#### SUPPLIED DATA:
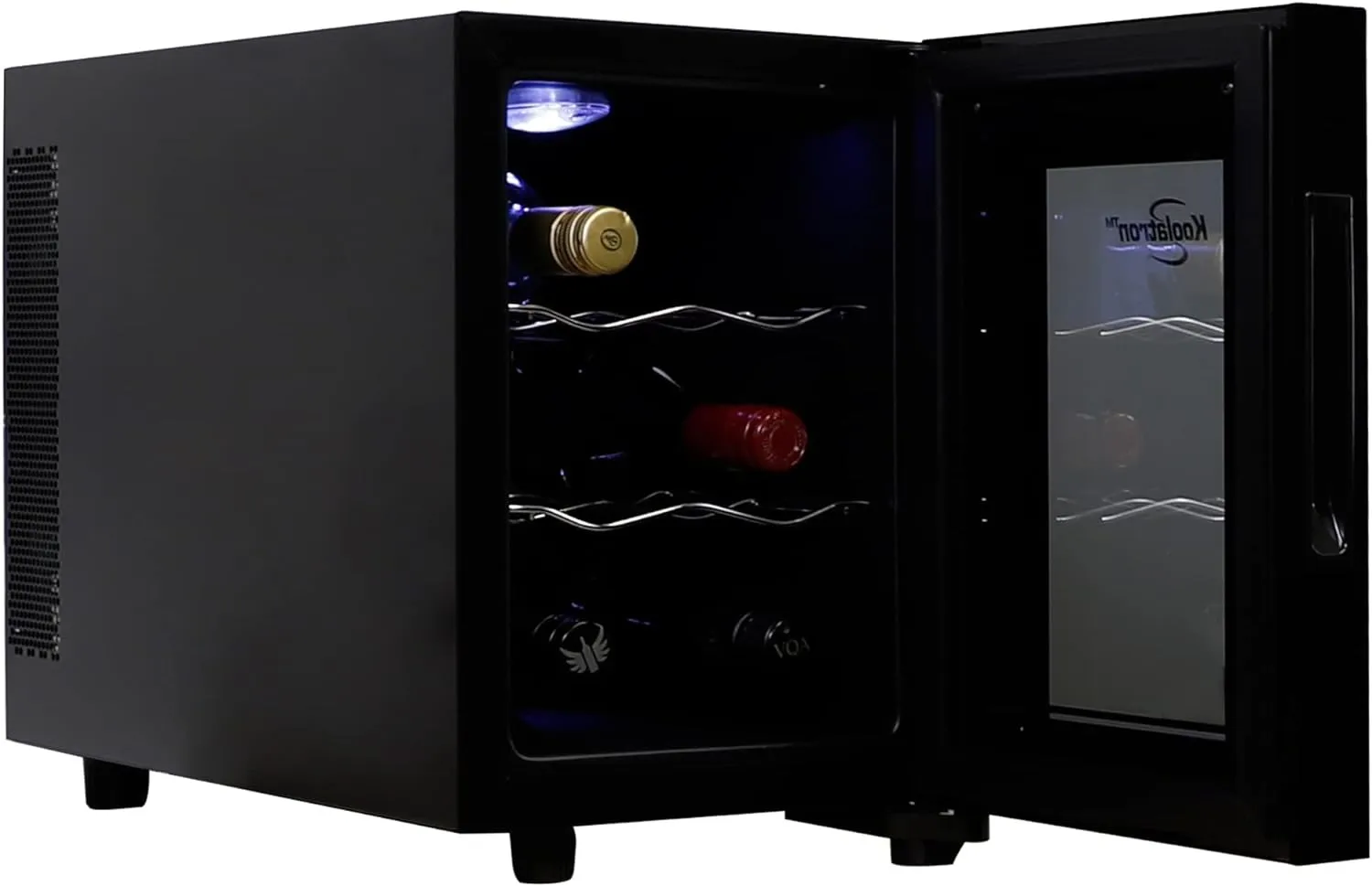 Koolatron 6 Şişe Şarap Soğutucu, Siyah, Termoelektrik Şarap Buzdolabı, 0.65 Cu. ft. (16L), bağımsız şarap mahzeni, kırmızı, beyaz ve köpüklü şarap depolama küçük mutfak için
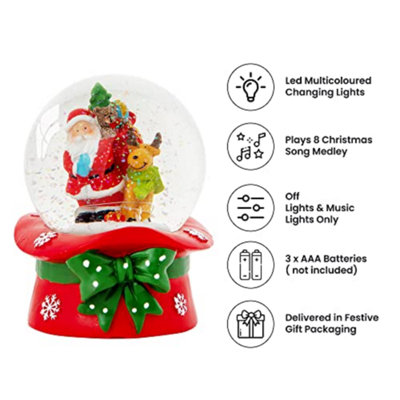 Celebright Christmas Musical Snow Globe - Plays 8 Songs With Changing LED Colours - Large 14cm - Santa & Rudolph on Festive Hat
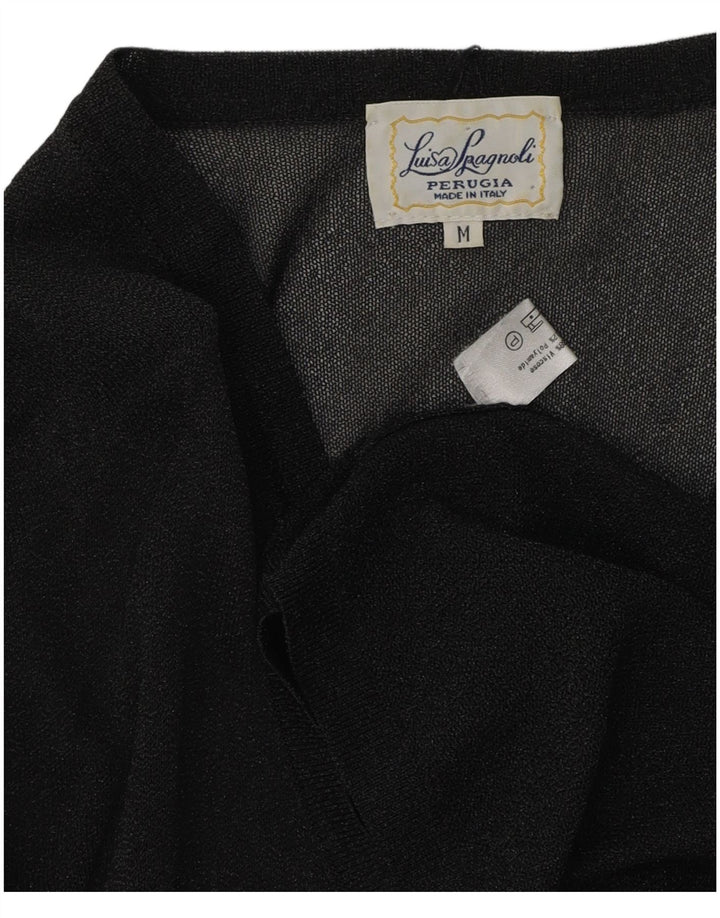 Luisa Spagnoli Womens See Through Cardigan Top UK 14 Medium Black Viscose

#### ACTION ITEM:
Reproduce the lines above letter for letter. The pictures stay behind.

#### EXPECTED ANSWER:
 Koolatron 6 Şişe Şarap Soğutucu, Siyah, Termoelektrik Şarap Buzdolabı, 0.65 Cu. ft. (16L), bağımsız şarap mahzeni, kırmızı, beyaz ve köpüklü şarap depolama küçük mutfak için
 Celebright Christmas Musical Snow Globe - Plays 8 Songs With Changing LED Colours - Large 14cm - Santa & Rudolph on Festive Hat
 Luisa Spagnoli Womens See Through Cardigan Top UK 14 Medium Black Viscose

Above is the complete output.